• [Exercise instructions]
Copy each line below word for word and drop every image.

• [Source material]
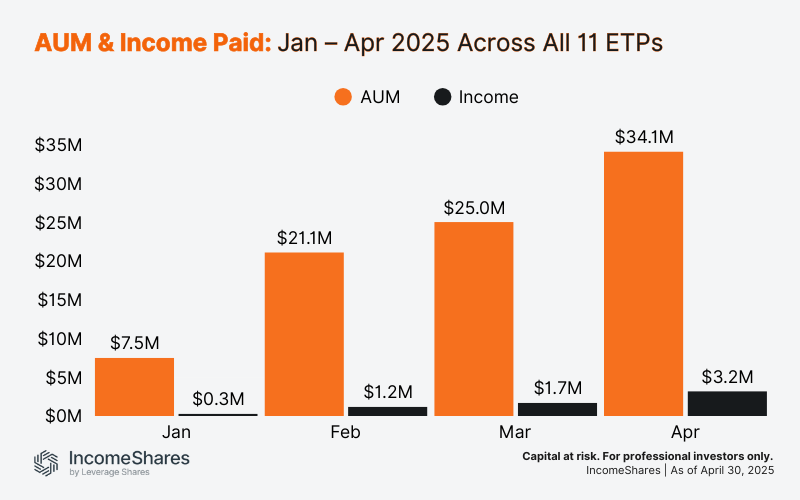 Income and AUM_IncomeShares 2025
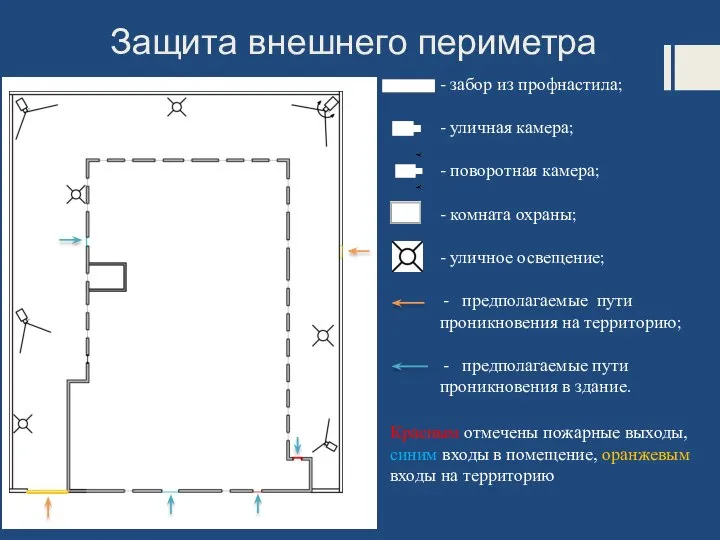 Защита внешнего периметра - забор из профнастила; - уличная камера; - поворотная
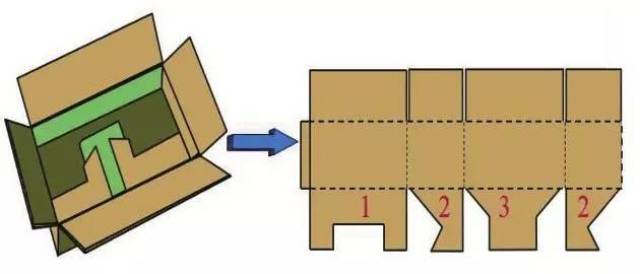 纸箱底部折叠方法图解图片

• [Written reply]
 Income and AUM_IncomeShares 2025
 Защита внешнего периметра - забор из профнастила; - уличная камера; - поворотная
 纸箱底部折叠方法图解图片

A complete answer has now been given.